Book Review: Zaha Hadid: Pierres Vives

Zaha Hadid: Pierres Vives
Written by Zaha Hadid Architects, Edited by Stephane Hof, Photographed by Helene Binet
Skira Rizzoli, 2013
Hardcover, 108 pages


At its most general a book presenting a single building consists of three parts: text, photos, and drawings. Each area is aimed at giving readers a greater understanding of a place they may never experience firsthand. A book cannot replicate the body's movement through space or the ability to feel a surface's texture and temperature, but it can use writing and images to describe these and other qualities of a building.
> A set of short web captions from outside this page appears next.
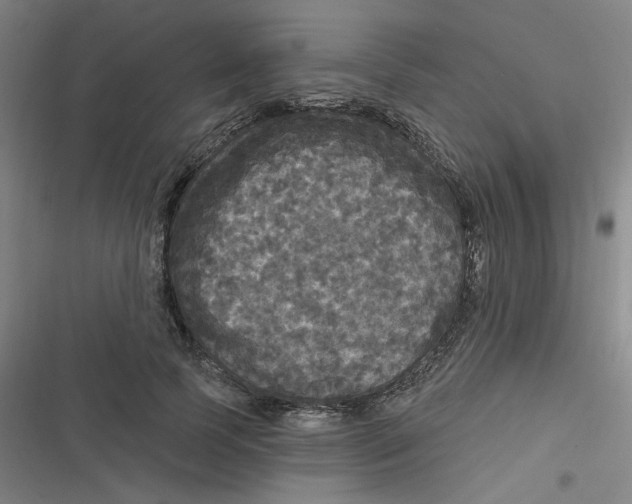 X0000116790745201001081313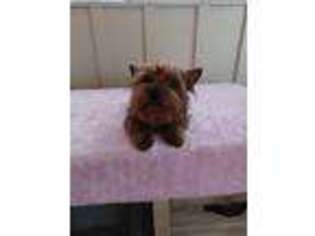 Yorkshire Terrier Puppy for sale in Pauls Valley, OK, USA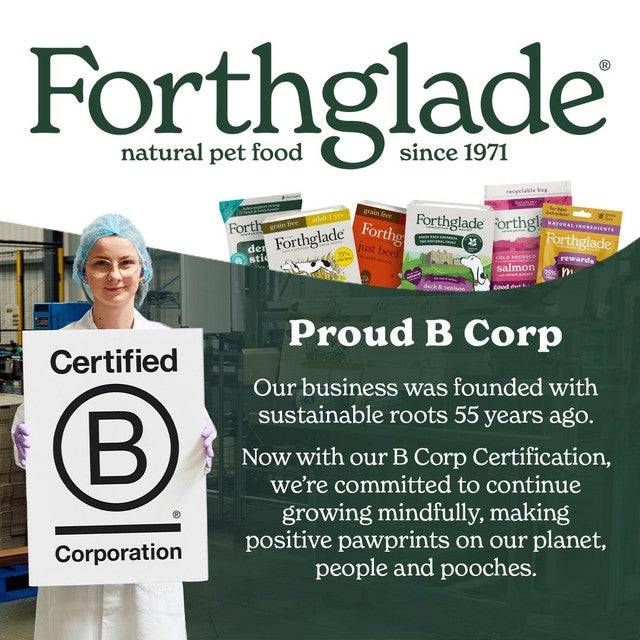 Forthglade banana and honey dog treats 90g - British product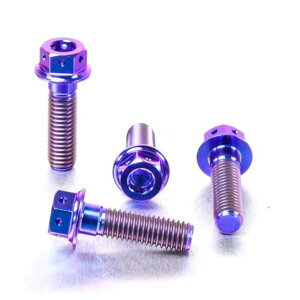 PRO BOLT v{g tgu[LLp[}EeBO{gLbg K1300R R1200GS GSF1200 Bandit GSR600 GSX-R750 Y-K3 GSX1250FA GSX650F SV1000S SV1000 BMW SUZUKI XYL Lp[{gE}Eg{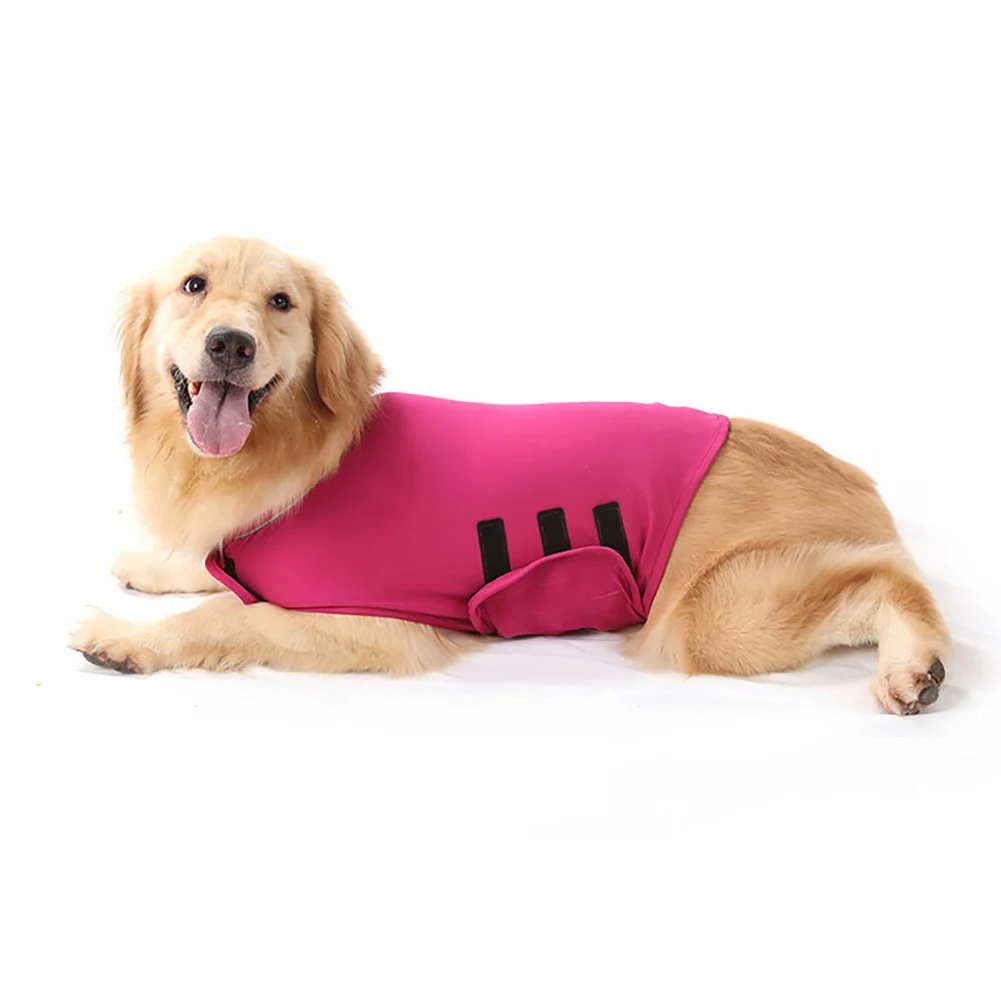 Dog Calming Vest Doggie Door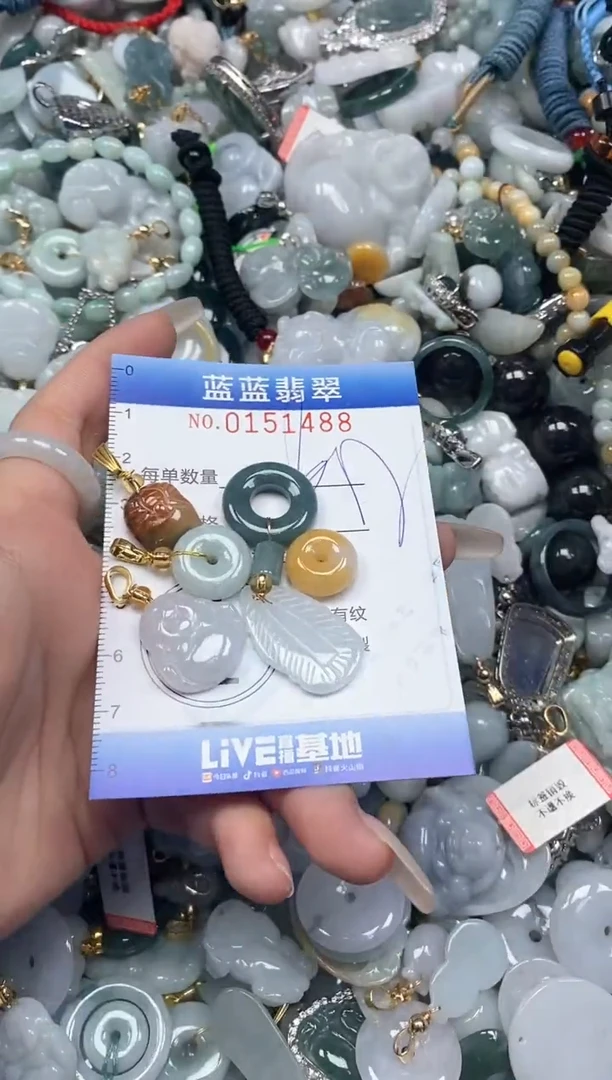 【闪购商品】翡翠颈饰未镶嵌闪购0151488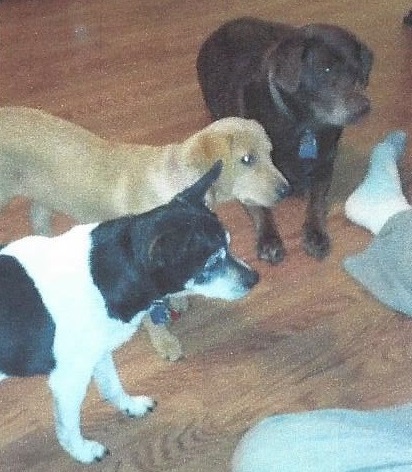 Rouge, Jag & Chase - My Three Babies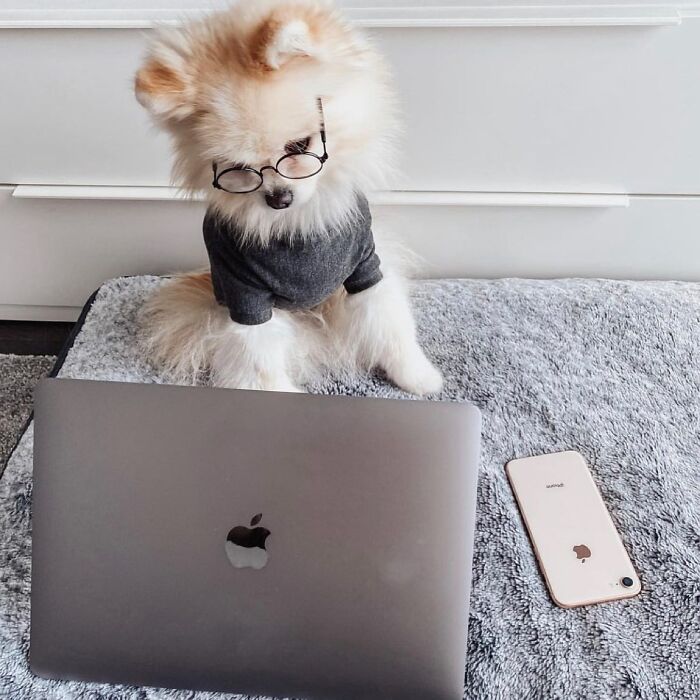 Dogs Crushing It At Remote Work (And They're Way Cutest Colleagues Ever)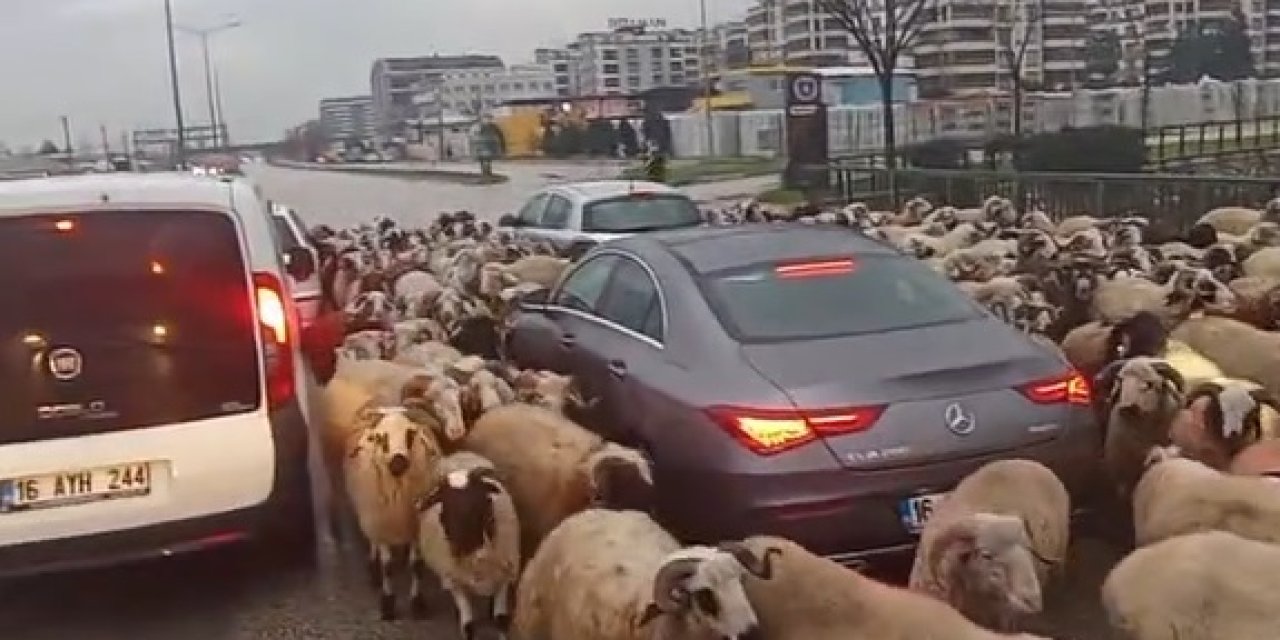 Koyun Sürüsü Yola Çıkınca Trafik Durdu; O Anlar Kamerada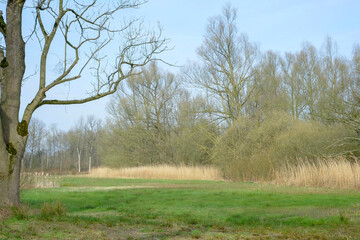 A view of a small pond located in the middle of a forested moor with meadow covered with shrubs in the foreground on a summer day. High quality photo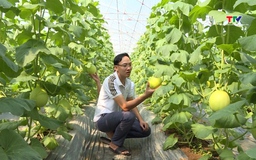 Ứng dụng khoa học công nghệ trong phát triển nông nghiệp hữu cơ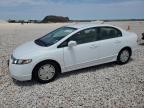 2008 Honda Civic Hybrid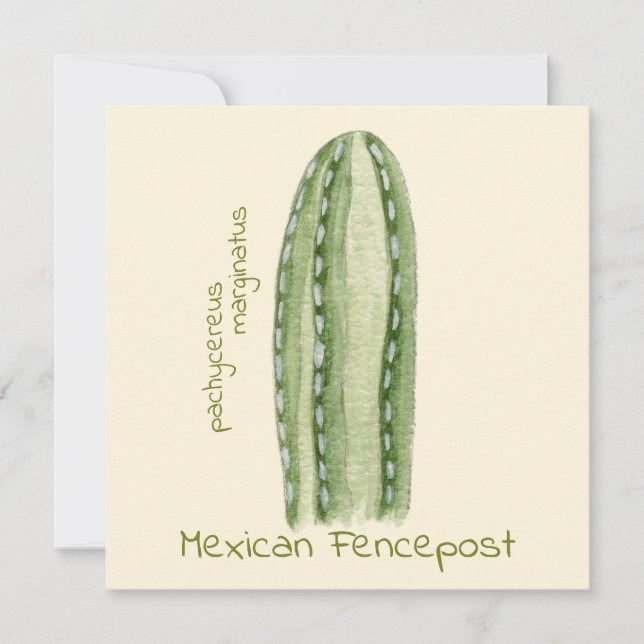 carte de vœux cactus poteau de clôture mexicain (Devant)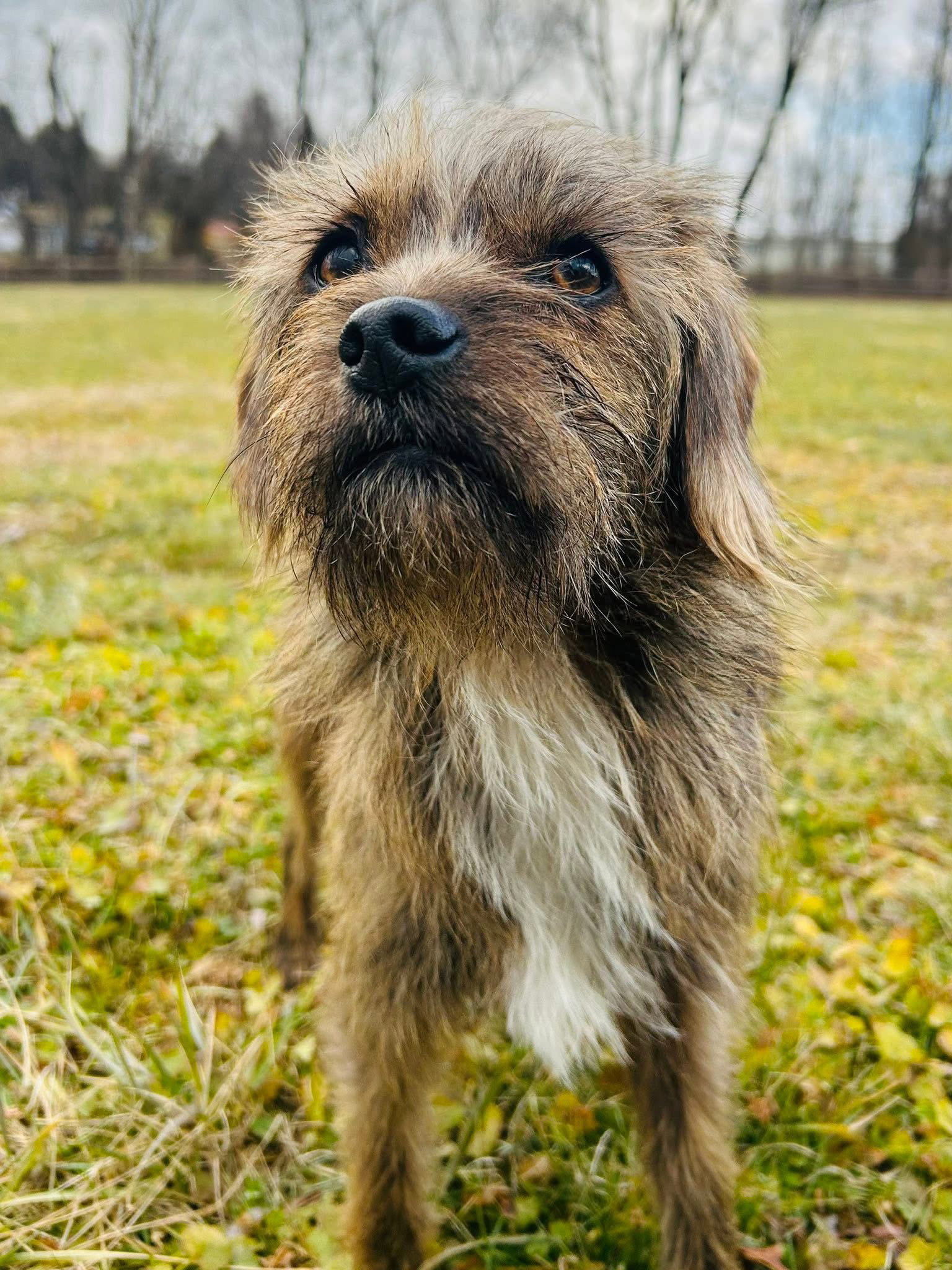 Mufasa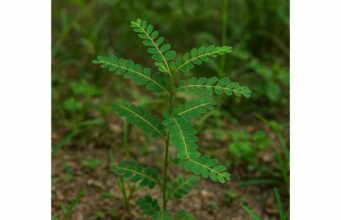 Quebra pedra (Phyllanthus niruri) Kidney Stone Support, Herbal Uses, and Safe Intake Learn how quebra pedra may support kidney stone management, liver health, and urinary comfort, with practical uses, dosage guidance, and safety tips.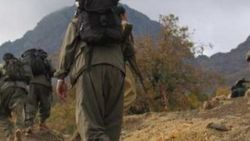 Şırnak'ta 2 terörist öldürüldü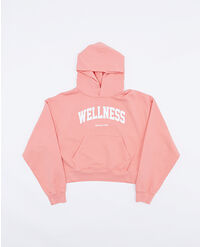 SPORTY & RICH WELLNESS IVY CROPPED HOODIE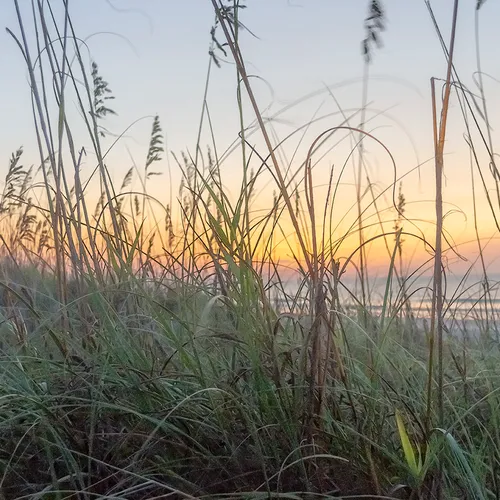 Sunrisehbsp 38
It goes without saying that one area—text, photos, or drawings—will outweigh the other in bulk and importance.

With the ever-increasing reliance upon photos to share a building and its architect with others, it's no surprise that this book on Zaha Hadid's Pierres Vives building in Montpellier, France, is loaded with photos of the building, and many of Hélène Binet's color and b/w photos are full-page and full-bleed. The photos account for about 95% of the book, since Hadid's text is only 2 pages and 8 pages of drawings are provided. But rather than serving to give readers an understanding of the building—in terms of orientation within the circulation and other spaces, for example—the uncaptioned photos serve to capture the spirit of Hadid's design as it permeates every part of the building, from the concrete-and-glass elevations to the undulating ceilings inside. They capture a building that Hadid describes in her text as "a light gray concrete futuristic ship softened by a network of colored glass grooves."

At only 108 large (11"x11") pages, the book would be pretty slim, but triple-ply chip board covers pad the book, actually making up about half of the book's thickness. The pages are cut trim to the covers, making for a handsome book that also features gold cardstock for the first few pages at the front and back of the book. Unfortunately these pages are where the text and drawings are located, and the black-on-gold and gold-on-black information can be a strain on the eyes. But of course the focus is on the photos that sit in between, in an attempt to position the building alongside other Hadid buildings given similar treatment.